Because congestion control is critical to the stable operation of the
Internet, applications and other protocols that choose to use UDP as
an Internet transport must employ mechanisms to prevent congestion
collapse and to establish some degree of fairness with concurrent
traffic. They may also need to implement additional mechanisms,
depending on how they use UDP.
Some guidance is also applicable to the design of other protocols
(e.g., protocols layered directly on IP or via IP-based tunnels),
especially when these protocols do not themselves provide congestion
control.
This document obsoletes RFC5405 and adds guidelines for multicast UDP
usage.
Working Group Summary
The Transport Area WG (TSVWG) is a collection of people with varied
interests that don't individually justify their own working groups.

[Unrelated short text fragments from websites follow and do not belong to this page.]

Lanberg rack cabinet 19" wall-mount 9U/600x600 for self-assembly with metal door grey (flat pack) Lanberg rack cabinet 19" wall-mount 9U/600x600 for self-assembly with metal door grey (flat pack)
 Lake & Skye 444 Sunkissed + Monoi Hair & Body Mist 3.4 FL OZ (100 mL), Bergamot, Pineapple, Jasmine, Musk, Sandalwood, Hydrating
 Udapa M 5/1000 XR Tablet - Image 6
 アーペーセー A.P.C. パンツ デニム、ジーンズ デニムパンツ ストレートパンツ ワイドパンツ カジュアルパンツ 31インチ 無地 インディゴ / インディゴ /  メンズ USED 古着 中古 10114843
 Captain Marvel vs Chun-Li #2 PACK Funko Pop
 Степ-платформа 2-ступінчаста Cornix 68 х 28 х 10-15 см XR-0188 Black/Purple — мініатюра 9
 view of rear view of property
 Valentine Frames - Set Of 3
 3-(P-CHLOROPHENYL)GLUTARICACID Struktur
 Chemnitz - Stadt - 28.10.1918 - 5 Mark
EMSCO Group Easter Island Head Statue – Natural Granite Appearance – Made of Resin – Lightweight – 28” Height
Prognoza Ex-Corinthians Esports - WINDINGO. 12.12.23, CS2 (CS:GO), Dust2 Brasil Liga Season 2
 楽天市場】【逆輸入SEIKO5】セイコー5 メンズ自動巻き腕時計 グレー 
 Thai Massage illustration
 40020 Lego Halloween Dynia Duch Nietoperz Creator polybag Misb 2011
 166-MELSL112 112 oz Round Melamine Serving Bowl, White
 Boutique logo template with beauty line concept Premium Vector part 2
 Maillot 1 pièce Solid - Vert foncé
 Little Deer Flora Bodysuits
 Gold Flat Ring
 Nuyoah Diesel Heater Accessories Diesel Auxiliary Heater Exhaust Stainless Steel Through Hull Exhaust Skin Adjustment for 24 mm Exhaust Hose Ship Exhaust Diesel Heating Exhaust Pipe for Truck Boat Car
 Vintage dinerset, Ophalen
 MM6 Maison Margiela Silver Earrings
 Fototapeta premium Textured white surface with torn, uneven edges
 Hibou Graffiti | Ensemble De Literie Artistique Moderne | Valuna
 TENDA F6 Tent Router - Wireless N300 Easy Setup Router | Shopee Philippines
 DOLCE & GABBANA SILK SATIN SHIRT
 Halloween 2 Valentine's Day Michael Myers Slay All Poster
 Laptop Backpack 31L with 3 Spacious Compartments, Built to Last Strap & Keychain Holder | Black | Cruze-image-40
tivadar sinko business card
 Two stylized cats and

This draft is supported by the portion of the TSVWG working group that
is familiar with and interested in UDP and congestion control. The
draft has received significant review and critique from a number of
WG members and has undergone significant modification as a result. A
significant area of expansion over RFC 5405 is the addition of multicast
guidelines; this UDP multicast guideline work began in a separate draft
that was merged into this draft by the WG so that protocol designers
would have one place to look for UDP guidelines.
Recent discussion in the WG has focused on issues related to the
increasing use of UDP to encapsulate other protocols; an important
outcome is the addition of Section 3.6 on Limited Applicability
and Controlled Environments where aspects such as equipment robustness
and operator traffic management may substitute for protocol features
(e.g., checksums, congestion management) that are necessary in
unrestricted environments such as the Internet in general. This
draft incorporates guidelines based on lessons learned from
MPLS/UDP (RFC 7510), GRE/UDP (recent TSVWG WG Last Call) and the
routing area encapsulation design team's work (much broader draft
in the RTGWG WG).
Document Quality
In addition to Last Call reviews by Martin Stiemerling (for TSV-ART),
Ronald Bonica (for RTG-DIR), Paul Kyzivat (for Gen-ART),
Takeshi Takahashi (for SEC-DIR), and Tim Chown (for OPS-DIR),
Mark Allman helped to reconcile protocol timer guidelines in this draft
(for UDP) with the protocol timer guidelines from TCPM (for TCP).